__Exercise details__: Word for word, please copy the line containing "Modular Sectional Sofa, 111.5" and all lines after it in the entries below, and only those, leaving every picture out.

(Collected data entries)
====================

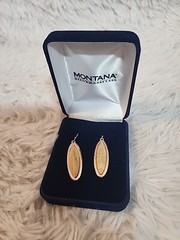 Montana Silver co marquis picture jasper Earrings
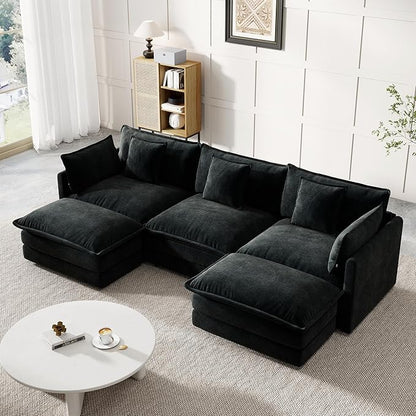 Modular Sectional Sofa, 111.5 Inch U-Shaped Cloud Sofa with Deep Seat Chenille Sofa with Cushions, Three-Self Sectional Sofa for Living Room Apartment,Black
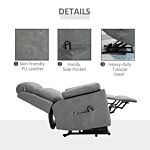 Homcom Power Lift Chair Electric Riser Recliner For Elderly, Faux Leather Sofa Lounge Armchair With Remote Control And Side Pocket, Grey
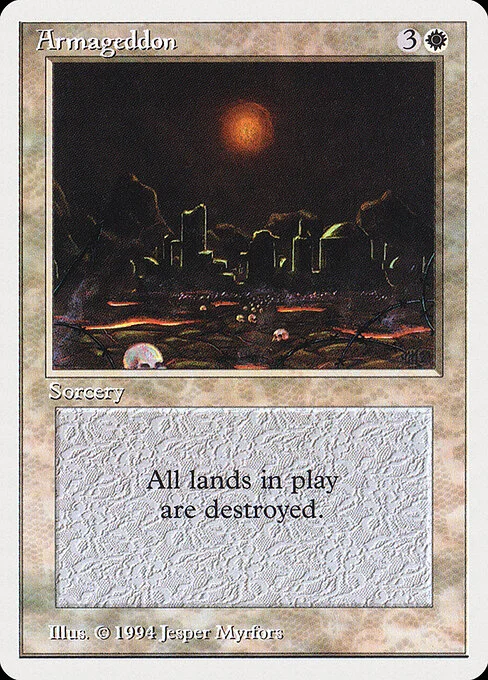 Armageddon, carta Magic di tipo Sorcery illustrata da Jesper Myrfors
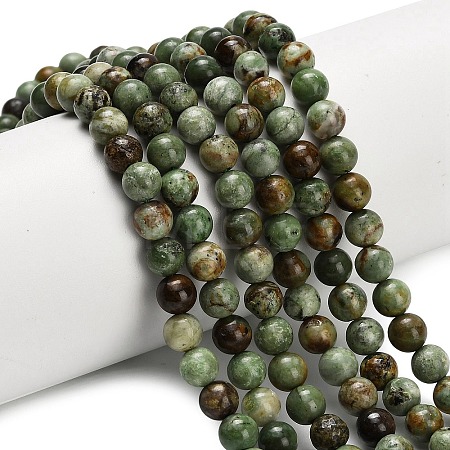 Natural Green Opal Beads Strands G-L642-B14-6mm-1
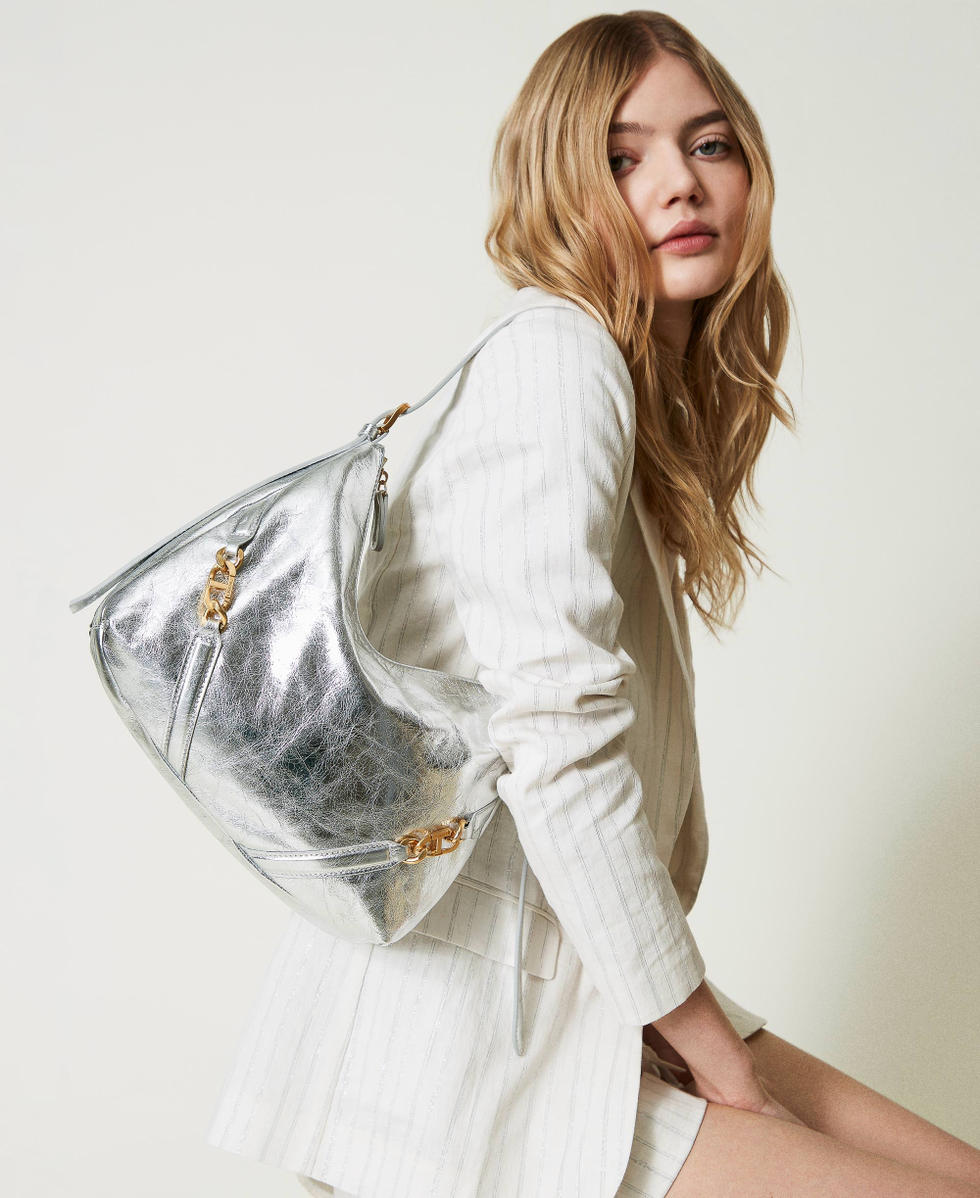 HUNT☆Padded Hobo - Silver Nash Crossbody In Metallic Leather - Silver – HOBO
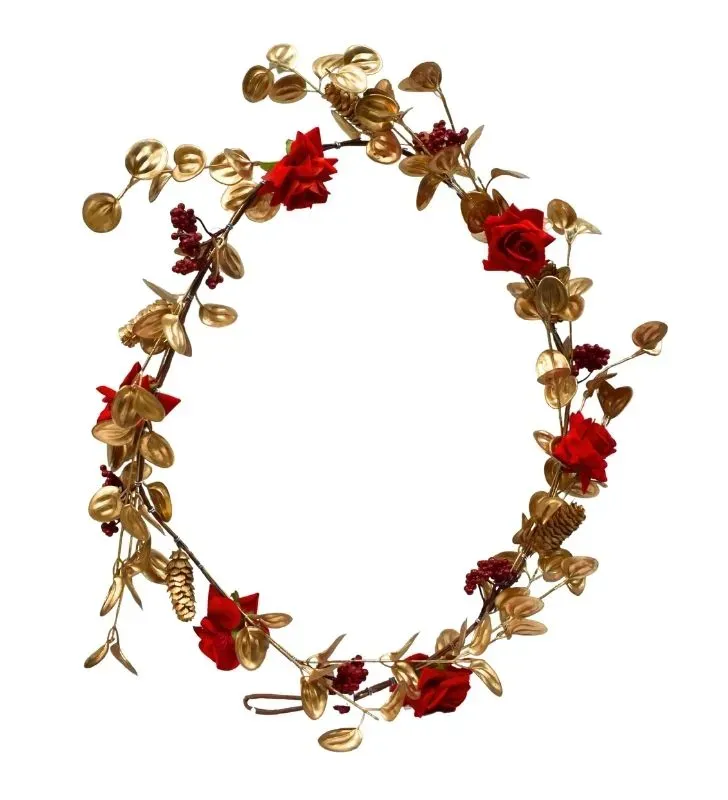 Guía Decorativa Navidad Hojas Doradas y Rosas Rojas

====================

__Task solution__:
 Modular Sectional Sofa, 111.5 Inch U-Shaped Cloud Sofa with Deep Seat Chenille Sofa with Cushions, Three-Self Sectional Sofa for Living Room Apartment,Black
 Homcom Power Lift Chair Electric Riser Recliner For Elderly, Faux Leather Sofa Lounge Armchair With Remote Control And Side Pocket, Grey
 Armageddon, carta Magic di tipo Sorcery illustrata da Jesper Myrfors
 Natural Green Opal Beads Strands G-L642-B14-6mm-1
 HUNT☆Padded Hobo - Silver Nash Crossbody In Metallic Leather - Silver – HOBO
 Guía Decorativa Navidad Hojas Doradas y Rosas Rojas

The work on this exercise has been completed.